Dwarf Planet Quaoar Has a Ring That Shouldn’t Be Where Astronomers Saw It

In 2013, astronomers discovered a couple of rings around Chariklo, a body known as a centaur that orbits the sun between Saturn and Uranus. In 2017, a ring was discovered around another Kuiper belt object, Haumea, also from dimming during a stellar occultation. But those rings are fairly close to their worlds.

In 1848, Édouard Roche, a French astronomer, calculated what is now known as the Roche limit. Material orbiting closer than this distance would tend to be pulled apart by tidal forces exerted by the parent body.
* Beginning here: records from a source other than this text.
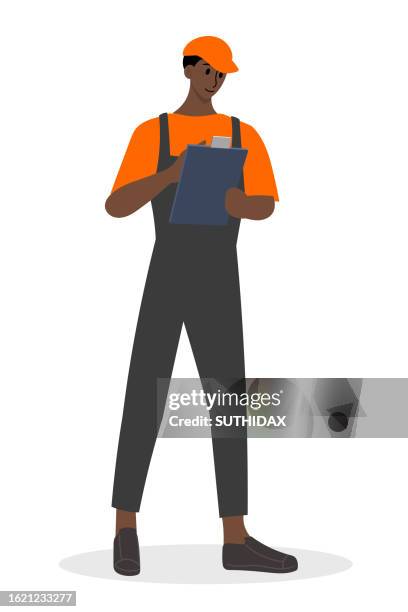 male staff character checking parcel stock - warehouse worker stock illustrations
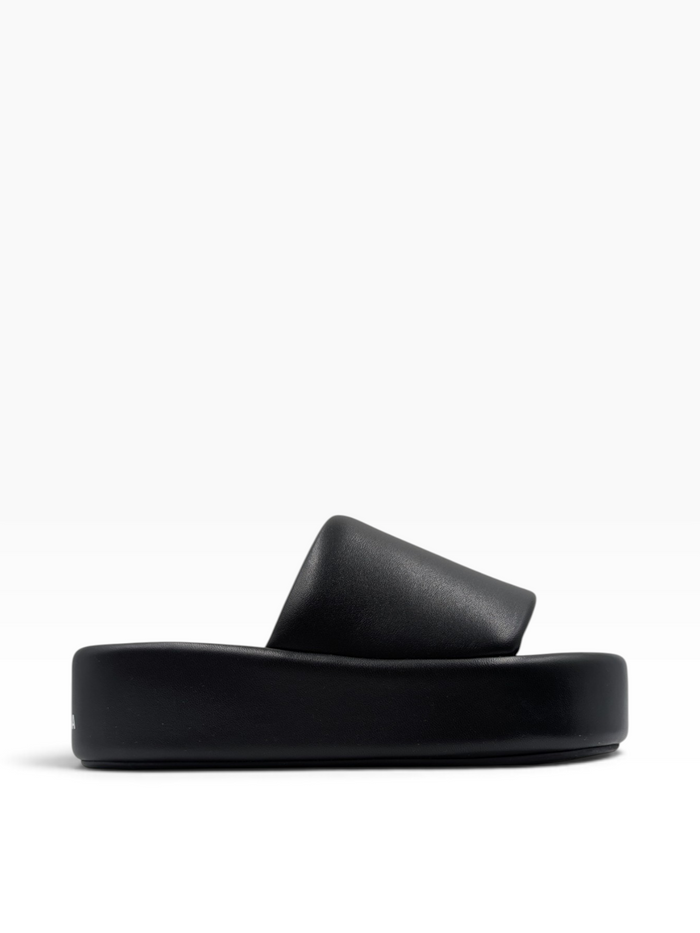 Black Open Toe Platform Sliders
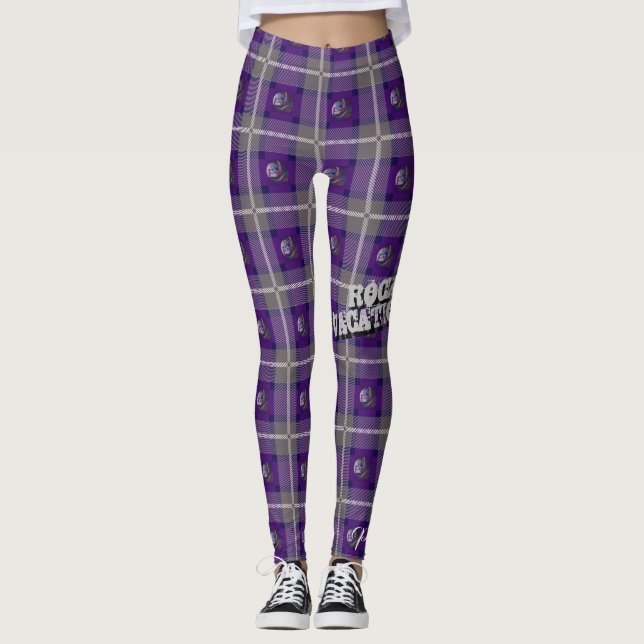 Pretty Wicked "Siren Plaid" Leggings - Purple (Front)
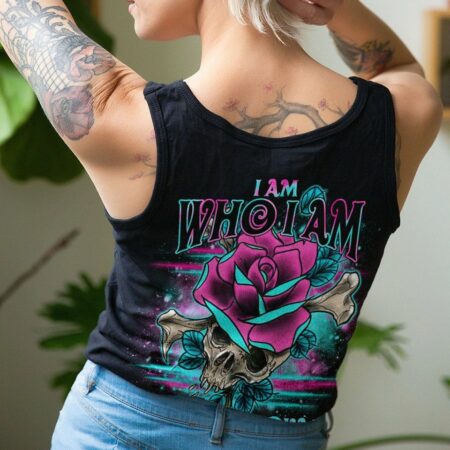 I AM WHO I AM BONES ROSE SKULL FLOWER ALL OVER PRINT - TLNO2811222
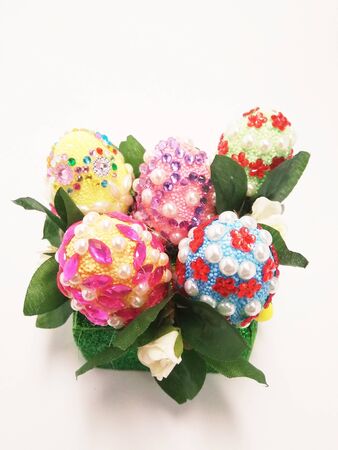 Easter eggs on a white backgroundの写真素材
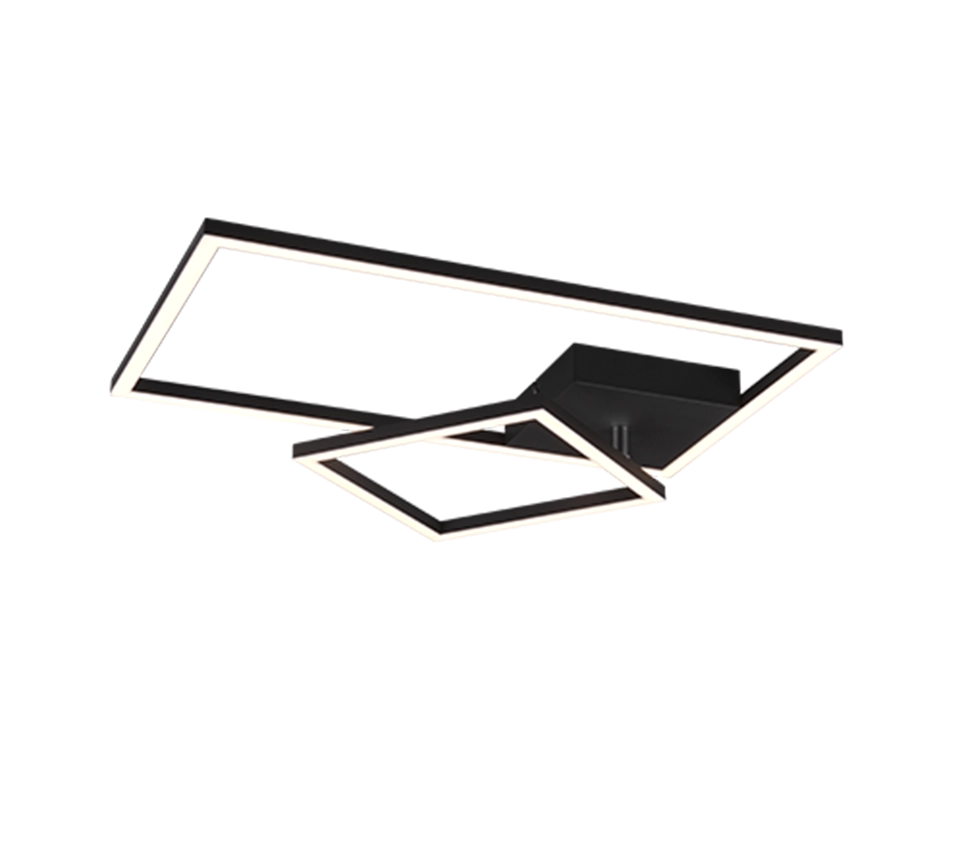 Plafoniera LED con snodo, metallo, nero, L 63 cm, Padella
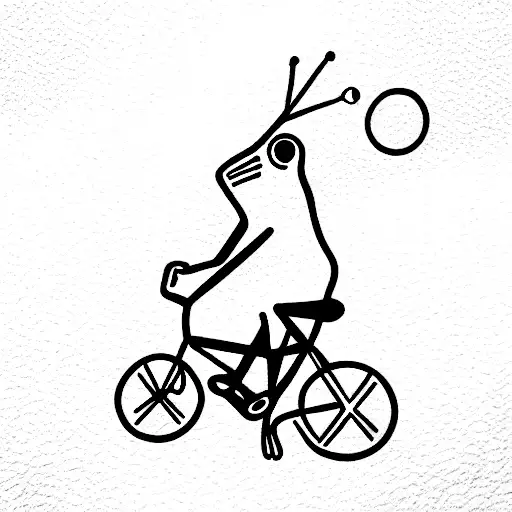 Frog On Bicycle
Thus, a ring within the Roche limit would tend to remain a ring, while a ring of debris outside the Roche limit would usually coalesce into a moon.

The rings around the giant planets of the solar system — Jupiter, Saturn, Uranus and Neptune — generally fit within the constraints of the Roche limit. Among the distant smaller worlds, Chariklo’s rings actually lie a bit beyond the Roche limit. The ring around Haumea is within the limit.

Then there is the Quaoar ring.

At a distance of 2,500 miles, it is way beyond the Roche limit, which the scientists calculated to be 1,100 miles. At that distance, according to the physics underlying Roche’s calculations, the particles should have coalesced into a moon in 10 to 20 years, Dr. Morgado said.

“It really shouldn’t be there,” he said. “We should look at this limit again and better understand how the satellites are formed.”

A potential explanation for Quaoar’s distant ring is the presence of Weywot. The moon may have created gravitational disturbances that prevented the ring particles from accreting into another moon. At the ultracold temperatures in the outer solar system, icy particles are also bouncier and are less likely to stick together when they collide.

Michael E. Brown, an astronomer at the California Institute of Technology who was a co-discoverer of Quaoar in 2002, said the discovery of the ring baffled him.